Es un lugar casi mítico que junta ganas con ganas, que saca tus alegrías atenuando tus penas con músicas reconocidas. Porque, aunque va sucumbiendo a las modas musicales, el reggaetón aún es anécdota en esas listas de horas que pasan de María Jiménez a Earth Wind and Fire en saltos tan violentos que hasta nos hacen gracia. De reinas de la copla a ABBA, de El Puma a rumbas canallas. De Village People a Sarandonga. De Tom Jones a Juan Luis Guerra, pasando por Carlos Baute las melodías avanzan entre baile y karaoke, desfogando a los fogosos y animando a los más tristes a desquitarse las penas a aullidos y bailes nada ortodoxos…
"La idea es eternamente nueva… cae la noche y nos seguimos juntando a… bailar en la cueva…" Jorge Drexler dixit. Yo sigo haciéndole caso.

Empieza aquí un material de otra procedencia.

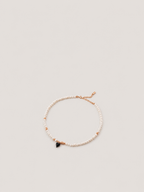 Noir Heart Pearl Necklace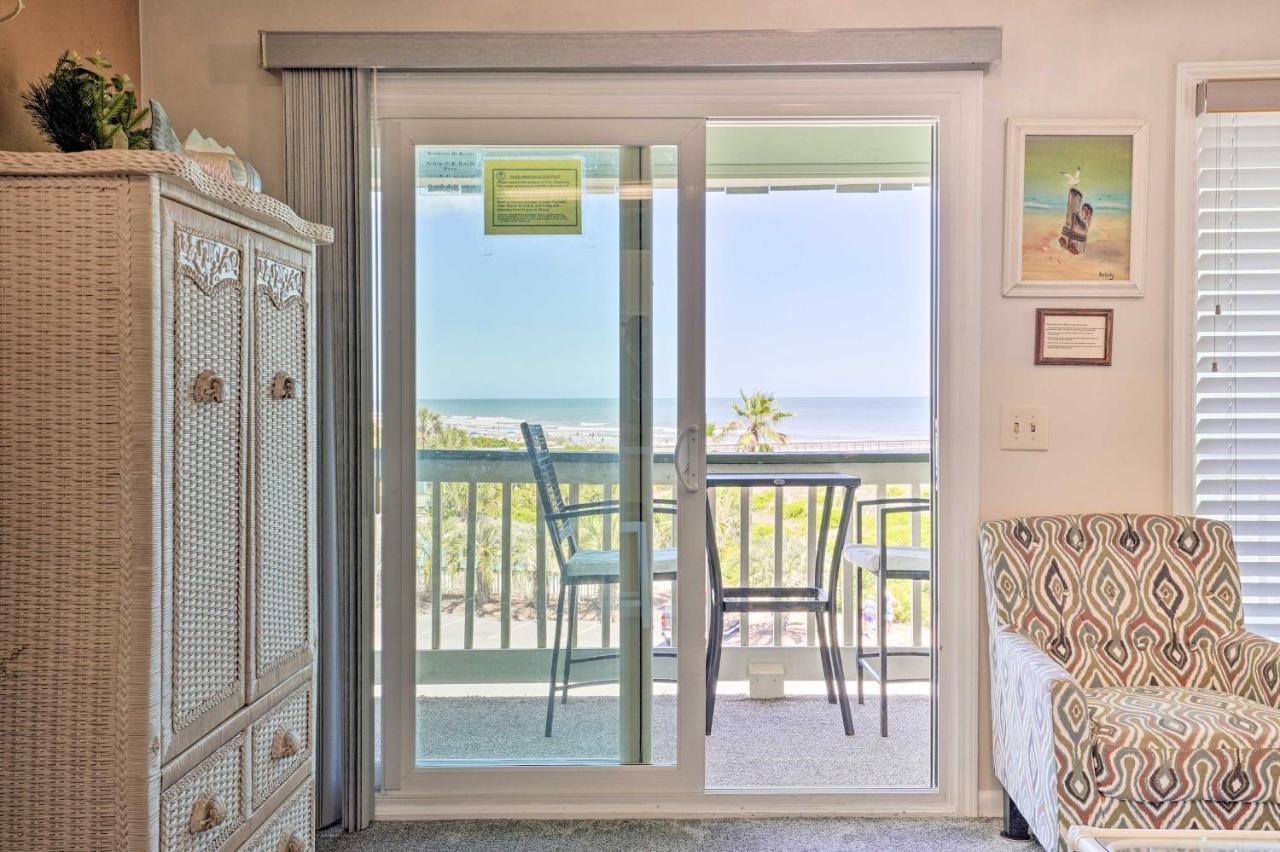 Isle Of Palms Beachfront Condo With Balcony And Pool! Exterior photo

Quien esté libre de cueva que tire la primera piedra. Siguen en nuestro estómago, con esas neuronas más lerdas, aquellos mandatos de gruta que daban cobijo en la noche. La sima que protegía, con las sombras de la lumbre y el percutir de los cueros, compensaban las penurias de cazas con alto riesgo. Eran las cuevas entonces símbolo de protección y grupo. Bailar, besar en la cueva, es lo que nos hizo humanos. Miles de años después seguimos los mismos pasos.